Last evening, by the time our youngest daughter sat down to finish up her math homework, it had been a long weekend and everyone was tired. We’ve had record-breaking heat in the Bay Area which added to the exhaustion. And it had been a busy few days for my daughter—a trip to the beach, a sleepover at a friend’s house, and a brownie-baking exercise with a larger group of friends.
Apparently, if you can’t stand the heat, go into the kitchen?
The topic of her math lessons was scalability. The culminating prompt was to draw a map of Nevada to scale on graph paper with a protractor. Even though I’ve lived next to the Silver State for many years, I never realized how singularly angular its boundaries are.
My wife and I wanted to watch a mystery on TV and while we are willing, and sometimes enjoy, helping our kids with homework, we didn’t appreciate a last-minute Sunday night fire drill. This led to some animated discussions about time management, which I unwisely escalated (once again) to a bit of a rant on screen time vs. reading time. But in the end we got through it and my daughter, clearly spent, went to bed early, eager for hugs from her parents before she drifted off to sleep.
Another day of family life and parenting.
I thought about my daughters a lot this morning as I turned to the news and was confronted with the barrage of articles marking the one-year anniversary of the Hamas terror attacks on Israel. October 7 will echo through the ages as a day of unspeakable horror, loss, tragedy, and sadness. For what happened a year ago and all that has followed.
I’ve written about my complicated feelings about the war in Gaza on Through the Fog before (you can read it here). My thoughts haven’t changed. They’ve only deepened in despair.
So today, to mark the anniversary, I want to focus on one particular aspect that captures the heartbreak I feel. I want to remember the children who have perished and otherwise been harmed in this abominable conflict. Because that was the first thing that came to my mind this morning.
There is nothing that captures the depravity of war more than the death of children. They are by their very definition innocent casualties to the failures of adults. And there have been so many lost and otherwise traumatized over the past year. It is impossible to fully comprehend all the lives lost and permanently altered. But we must try.

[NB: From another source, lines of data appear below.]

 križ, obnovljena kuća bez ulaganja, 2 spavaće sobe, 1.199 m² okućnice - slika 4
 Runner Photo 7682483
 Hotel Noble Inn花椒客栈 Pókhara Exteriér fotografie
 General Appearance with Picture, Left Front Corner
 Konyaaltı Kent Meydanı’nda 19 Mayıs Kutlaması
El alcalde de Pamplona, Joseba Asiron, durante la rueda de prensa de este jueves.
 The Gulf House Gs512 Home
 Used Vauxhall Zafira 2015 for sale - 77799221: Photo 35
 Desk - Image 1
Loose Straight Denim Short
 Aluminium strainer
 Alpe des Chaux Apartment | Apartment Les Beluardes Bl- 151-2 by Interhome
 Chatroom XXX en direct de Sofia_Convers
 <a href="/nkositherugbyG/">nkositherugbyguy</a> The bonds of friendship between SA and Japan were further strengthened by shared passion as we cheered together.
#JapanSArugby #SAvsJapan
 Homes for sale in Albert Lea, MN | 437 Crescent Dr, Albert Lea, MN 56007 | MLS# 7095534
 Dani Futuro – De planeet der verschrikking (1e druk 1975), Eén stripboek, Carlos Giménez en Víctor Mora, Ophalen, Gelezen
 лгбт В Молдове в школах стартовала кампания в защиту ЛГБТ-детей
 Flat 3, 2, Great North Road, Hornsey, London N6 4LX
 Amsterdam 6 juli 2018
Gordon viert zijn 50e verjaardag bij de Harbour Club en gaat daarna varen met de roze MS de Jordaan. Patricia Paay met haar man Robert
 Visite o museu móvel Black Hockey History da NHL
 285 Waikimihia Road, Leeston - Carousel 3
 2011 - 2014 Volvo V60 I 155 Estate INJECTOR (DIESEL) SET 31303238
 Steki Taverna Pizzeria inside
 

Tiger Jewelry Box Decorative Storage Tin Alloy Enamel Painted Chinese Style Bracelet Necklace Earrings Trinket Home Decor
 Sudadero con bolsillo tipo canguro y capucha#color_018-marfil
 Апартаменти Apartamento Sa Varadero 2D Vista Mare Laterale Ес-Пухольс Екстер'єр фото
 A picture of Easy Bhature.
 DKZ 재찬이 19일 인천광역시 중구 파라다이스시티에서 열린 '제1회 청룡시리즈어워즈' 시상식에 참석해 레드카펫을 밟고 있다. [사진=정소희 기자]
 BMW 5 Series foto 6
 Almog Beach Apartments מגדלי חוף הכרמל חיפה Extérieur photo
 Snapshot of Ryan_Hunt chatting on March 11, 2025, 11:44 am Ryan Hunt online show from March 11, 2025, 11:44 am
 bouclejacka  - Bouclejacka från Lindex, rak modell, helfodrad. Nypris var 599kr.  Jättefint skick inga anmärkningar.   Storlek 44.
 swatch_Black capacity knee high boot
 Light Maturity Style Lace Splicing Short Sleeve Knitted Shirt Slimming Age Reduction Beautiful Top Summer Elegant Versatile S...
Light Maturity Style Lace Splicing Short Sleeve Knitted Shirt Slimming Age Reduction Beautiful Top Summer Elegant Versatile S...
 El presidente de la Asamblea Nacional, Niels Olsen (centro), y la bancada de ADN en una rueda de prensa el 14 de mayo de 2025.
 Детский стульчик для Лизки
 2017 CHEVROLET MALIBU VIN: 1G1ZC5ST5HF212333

I think of those who were killed by Hamas terrorists and by Israeli bombs. May their memories be blessings. I think of those who saw their family members killed, who were taken hostage, who are starving and desperate. I think of all who have been displaced, spending their young years plagued with anxiety and dislocation. I think of those who will bear the emotional and physical scars for a lifetime and how this pain will shape the generations to come.
I write all of this knowing that it is not only Israel and Gaza. It’s also Lebanon, and Sudan, and Ukraine, and all sorts of other places where children are suffering. I think of children lost in the recent hurricane, and to the opioid epidemic, to gun violence, and to horrific (many curable) diseases.
There is no way to remove all the pain children will invariably feel, both consciously and subconsciously. Part of growing up is a realization that life can be cruel and unfair. But sadly, many children are forced to learn that lesson far too early. Others will never even get to experience adulthood.
To all of this physical loss, I also think of another type of loss these children’s deaths mean to our broader world. In my daughters and their friends, I see such hope and promise. At times of despair, I find optimism in thinking about what a new generation can offer. And I think of how many wonderful contributions this world will never experience because all these children weren’t allowed to live.
I reflect back to my daughter and her homework, trying to make sense of the size of shapes, of how something can scale. There is no way to try to put the horror of war into any scale that makes sense. Each life lost is a tragedy. Each child subjected to pain is unbounded in its impact. There is no right answer no matter how hard we try to rationalize the causes and necessity of conflict.
If lasting peace ever comes to the Middle East, it will be because a new generation will throw away the smallmindedness and hatreds of those who preceded them. If this precious world has any future at all, it will be because of the children.
Dear Elliot,
profoundly said.
As I approach my 77th year, I despair for human kind and the future of humanity. I have a teacher and friend who said that wars will end when the wars that rage within each of us end; no small task. It remains for those of us who have made some progress to serve as examples, peer to peer, of human beings who have sought that inner peace, met it and made it our own; if we can do,it so can they. Since we live in a world where rewards are such strong motivators, then let the reward of inner peace, joy and love shine bright.
You nailed it, Elliot. People like Netanyahu, Trump, Khomenei, Putin, Kim, Xi, Orban, et al. Never, ever, think about the civilians, including children, or non-combatants, Their warped brains. can not see beyond ME, ME, ME. Netanyahu and Trump have both committed bloodless crimes, that are none the less heinous, and fight (including killing) to keep their worthless carcasses out of jail. Their equally worthless sycophants aid and abet all the way.